Мои встречи с Некрасовым
Оглядываясь в далекое прошлое, вижу в его туманных далях бесконечную галерею отошедших от нас властителей дум. Из сплывающегося фона пережитых былей едва ли не самым отчетливым выступает передо мною характерный облик Н. А. Некрасова. И сейчас в моих ушах звучит хриплый, как будто простуженный голос поэта и внимательно всматриваются его пристальные глаза, угадывающие во мне самому мне неясное. Под жесткими усами чуть скользит недоверчивая улыбка, смягченная снисходительностью к маленьким слабостям других, а может быть, и трудною памятью о себе самом.

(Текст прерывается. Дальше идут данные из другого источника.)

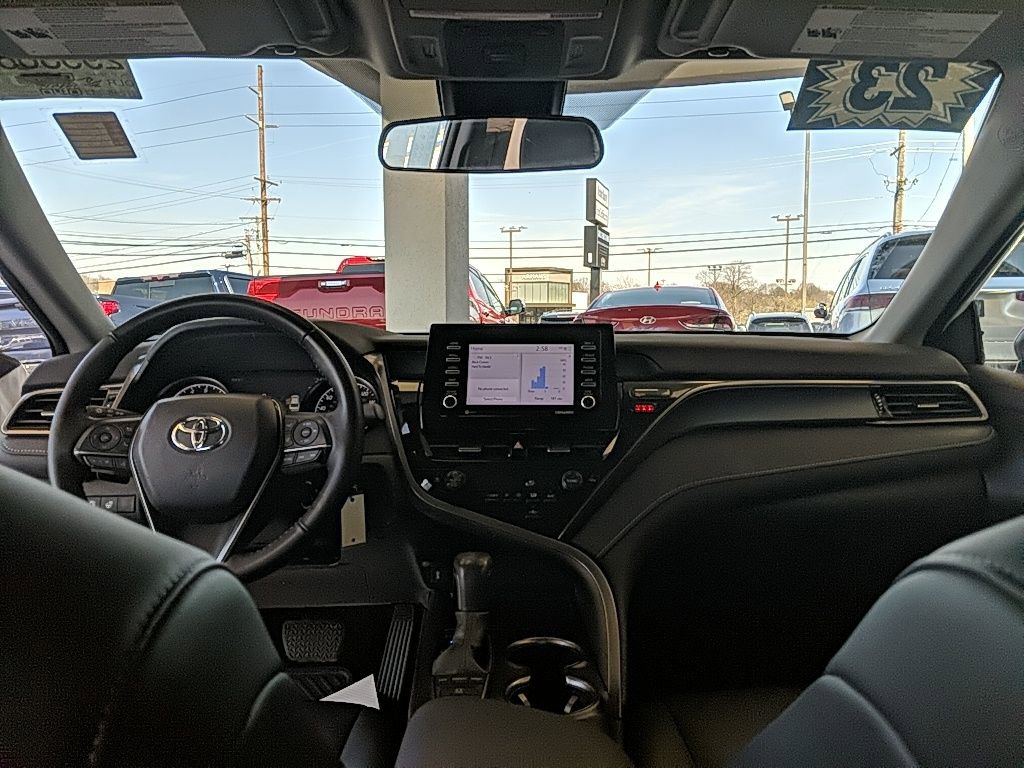 Used 2023 Toyota Camry SE w/ Cold Weather Package image 14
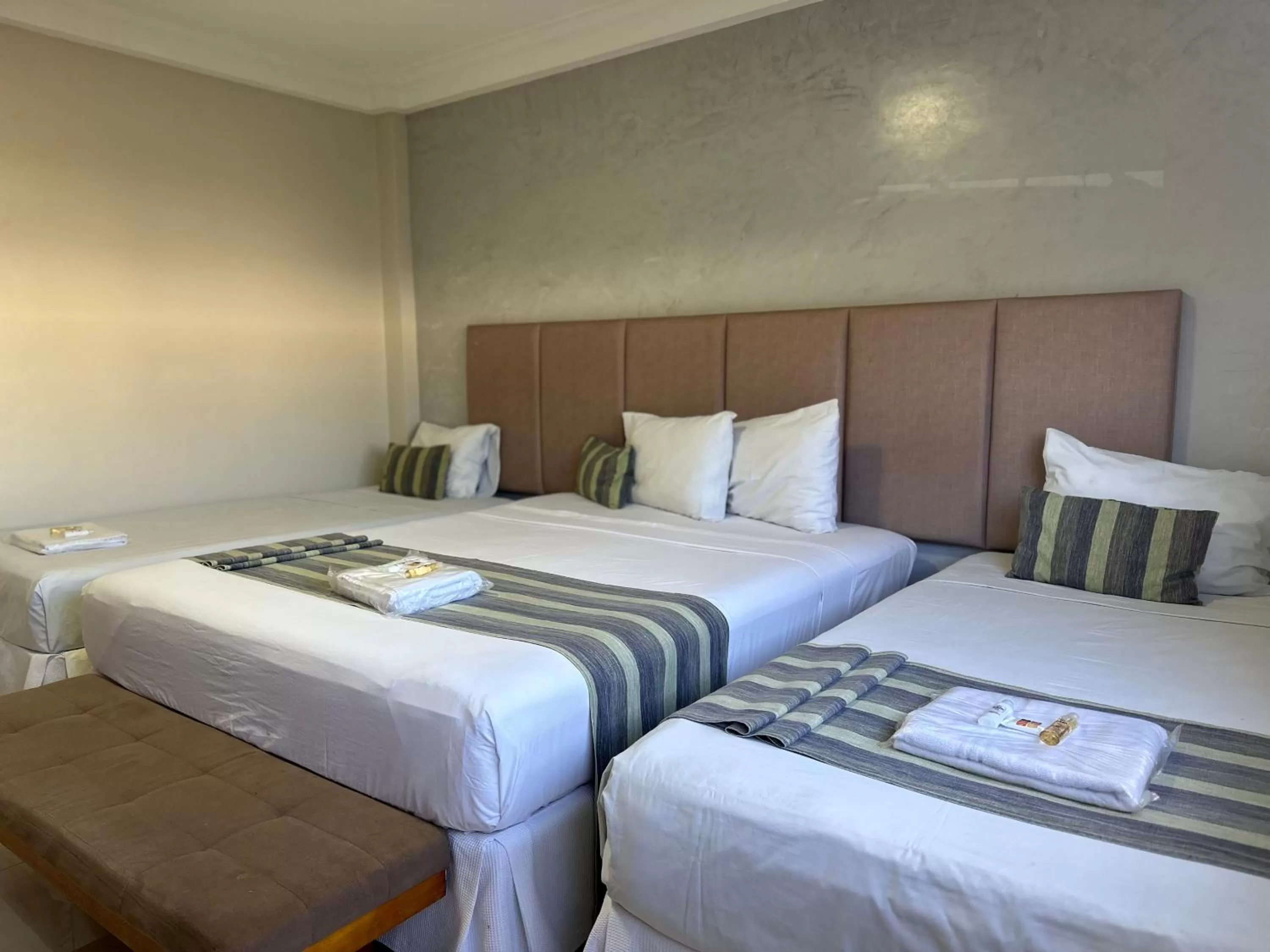 Bed in Atrium Confort Hotels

Я уже напечатал в «Вестнике Европы» «Соловки» и начал в «Деле» очерки «У океана». Мои первенцы были хорошо приняты литературным миром. Это окрылило меня. Захотелось проникнуть в «Отечественные Записки», где за год перед тем Демерт уже включал в статьи о русской провинции выдержки из моих писем. В то время мы, молодые, с тревогой, робостью и неуверенностью стучались в двери этой редакции, где заправилами сидели сами «боги»: Некрасов, Щедрин, Михайловский. Помню, как крупные, уже признанные таланты, вроде Глеба Успенского, поминали царя Давида и всю кротость его, ожидая свидания с грозным Михаилом Евграфовичем. Ведь Щедрин подчас был так суров и не стеснялся не только с начинающими. Более того, с ними у него суровость была скорее ласковая, нужно было лишь уловить ее: брови хмурились, а глаза смеялись. Но с генералами от литературы он совсем не церемонился. Редакторского респекта к модным именам и авторитетам у него не было и тени. Никогда не мог я забыть, как растерялось одно такое восходящее и модное «светило», когда, теребя его рукопись нервными пальцами, сатирик вдруг огорошил «светило», не стесняясь присутствующими, своим громогласным басом: «Ну, батюшка, вы тут столько набоборыкали». Я, признаться, вчуже смалодушествовал и направился было к дверям, да наткнулся прямо на Николая Алексеевича. Он угадал, в чем дело, и удержал меня за локоть, смеясь: «Погодите, мы прочли ваши очерки „За северным полярным кругом“. И ему (кивок в сторону Щедрина) понравилось».
— Понравиться-то понравилось, — сердито забасил опять Салтыков. — Да уж очень кругло пишете. Ни на один сучок не наткнешься. А только, чего это вы со всех колоколен зазвонили? Довольно бы и с одной! Сколько литературных просвирен взбудоражили. Не на пожар, слава Богу! И «Вестник Европы», и «Дело», и «Неделя», и «Голос».
Некрасов вступился.
— Нет, это он хорошо. Сразу имя себе сделал.
Щедрин не унимался.
— Сделал-то сделал, но нельзя же так. Точно с луны свалился, проломил крышу и с целым грузом рукописей. Сидят почтенные Стасюлевичи, истово журчат тихою беседою, как по нотам. И вдруг этакое чудище — шарах на головы… Получайте. Караул закричишь!
* * *Редакторы в наше время не стеснялись. Я помню, как тот же Щедрин гильотинировал один слишком затянувшийся роман, кажется, Гирса. Роман не понравился Михаилу Евграфовичу, он просил автора прикончить его, а тот, наоборот, пообещал еще две полновесные части. И вдруг в новой книжке журнала с ужасом прочел описание грандиозной стихийной катастрофы, в которой безвременно погибли все его действующие лица…
…Надо сказать, что Н. А. Некрасов ко всему, что носило печать таланта, относился не только внимательно, но и трогательно. Особенно если молодой писатель был беден, а кто же из нас тогда был богат? Он для таких являлся не издателем, а скорее товарищем, собратом, если хотите, опекуном. Время было тяжелое. Капитал еще не врывался в печать, и самые популярные впоследствии издания начинались с такими ничтожными средствами, с какими нынче не выпустишь и тощей книжки. Случалось для очередного номера закладывать женины серебряные ложки. Разумеется, это не относилось к «Отечеств. Запискам», «Вестнику Европы», «Делу» или «Русскому Вестнику», но и у них бывали затруднительные минуты. Ведь впоследствии средней руки автор за газетный фельетон получал больше, чем, например, Достоевский за печатный лист в мое время.